After two unsuccessful runs to become president, Hillary Clinton may believe that the third time is the charm.
Even though she acknowledged that she has no desire to campaign again, Clinton said at New York City's 92nd Street Y on Friday that she’d “like to be president.”
The admission came during a Q&A with Recode’s Kara Swisher:
We’re going to talk about 2020 in a minute. Do you want to run again?
That was a pause...
Well I’d like to be president. I think, hopefully, when we have a Democrat in the Oval Office in January of 2021, there’s going to be so much work to be done. I mean we have confused everybody in the world, including ourselves. We have confused our friends and our enemies. They have no idea what the United States stands for, what we’re likely to do, what we think is important, so the work would be work that I feel very well prepared for having been at the Senate for eight years, having been a diplomat in the State department, and it’s just going to be a lot of heavy lifting.

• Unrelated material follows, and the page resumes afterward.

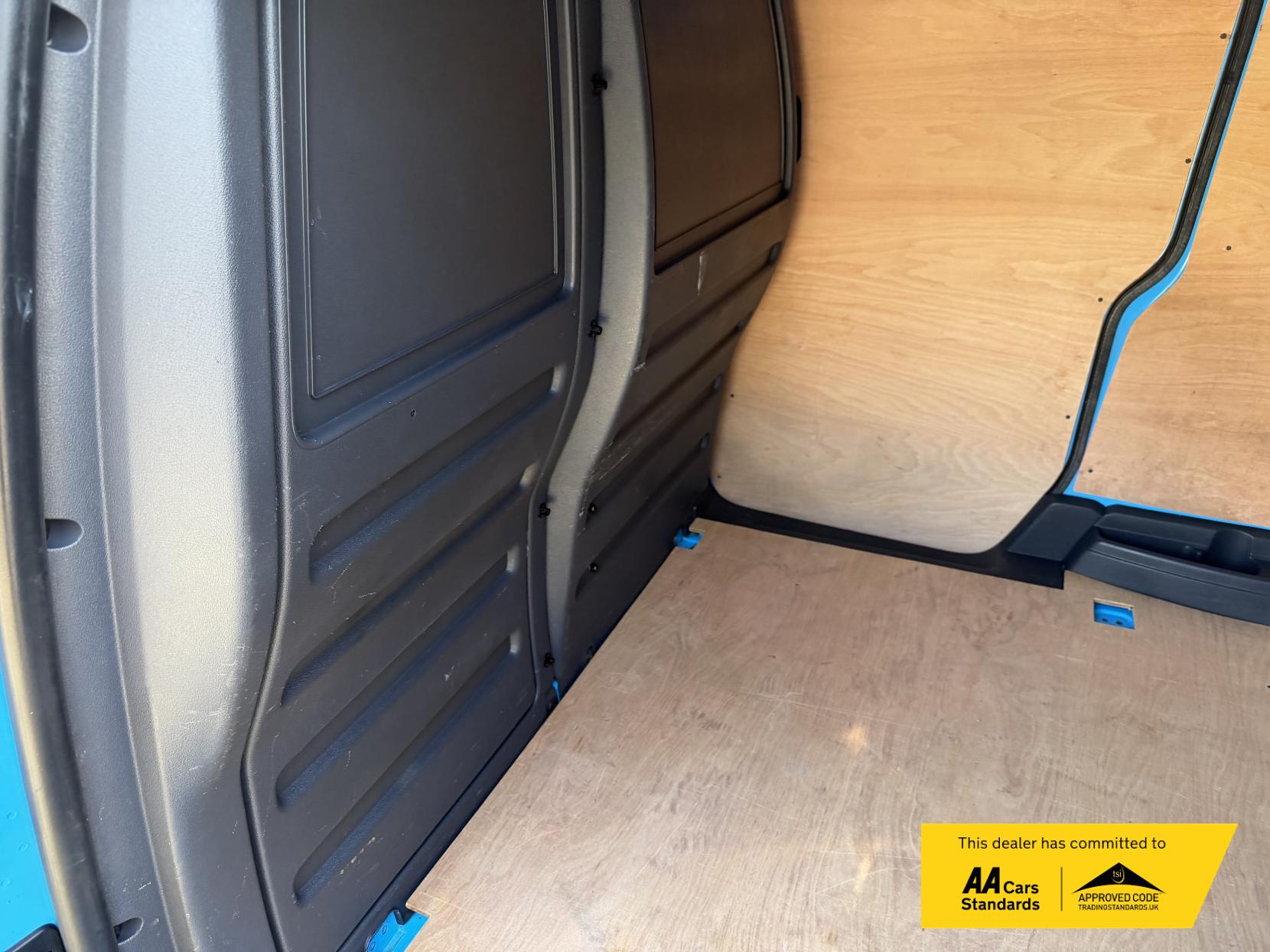 2015 Volkswagen Caddy 1.6 TDI C20 Startline Panel Van 4dr Diesel Manual L1 H1 (149 g/km, 101 bhp) - Thumbnail 19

She went on to say that she won’t even begin to think about a possible run until after the midterm elections.
So are you going to be doing any of that lifting? Do you feel like ...
Oh I have no idea, Kara, but I’m going to ... I’m not even going to even think about it til we get through this November 6 election about what’s going to happen after that, but I’m going to everything in my power to make sure we have a Democrat in the White House come January of 2021.
The comments probably won't come as welcome news to many Democrats, however, who are growing increasingly frustrated with Clinton for continuing to be so visible—and not in a good way. She's made a number of headlines recently for saying her husband’s affair with a 22-year-old intern was not an abuse of power because she was an adult, and that Democrats should not be civil with Republicans.
Bill and Hillary are also set to kick off a 13-city speaking tour that will include "stories and inspiring anecdotes that shaped their historic careers in public service, while also discussing issues of the day and looking toward the future," explains Live Nation, the tour's organizer.